Task brief — In the listing below, find the line with "Adorable Salwar Kameez" and copy every line from there up to and including the line with "Rare Rabbit Men's", exactly and without pictures.

Record extracts —
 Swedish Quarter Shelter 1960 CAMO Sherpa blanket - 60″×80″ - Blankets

==

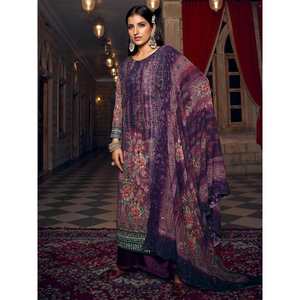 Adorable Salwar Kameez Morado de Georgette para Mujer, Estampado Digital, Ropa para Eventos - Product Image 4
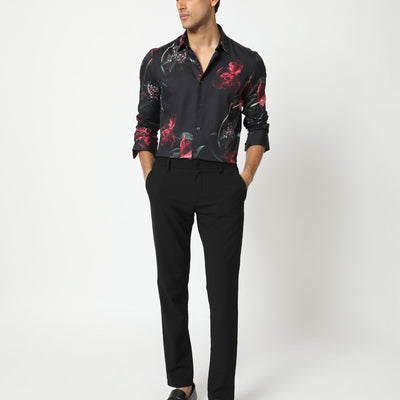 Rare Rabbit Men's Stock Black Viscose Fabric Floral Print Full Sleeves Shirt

* * *

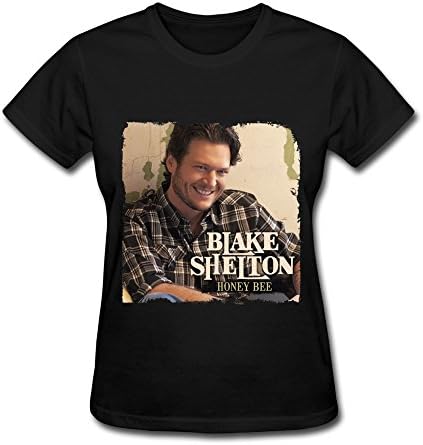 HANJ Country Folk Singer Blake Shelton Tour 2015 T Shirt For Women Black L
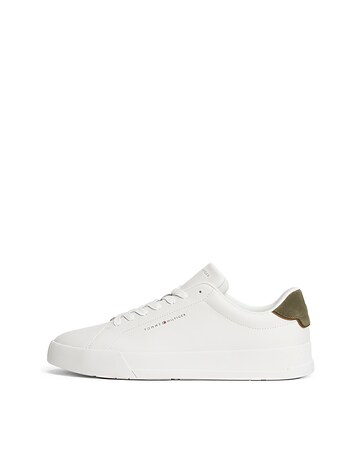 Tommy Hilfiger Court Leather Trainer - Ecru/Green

Answer to this problem —
 Adorable Salwar Kameez Morado de Georgette para Mujer, Estampado Digital, Ropa para Eventos - Product Image 4
 Rare Rabbit Men's Stock Black Viscose Fabric Floral Print Full Sleeves Shirt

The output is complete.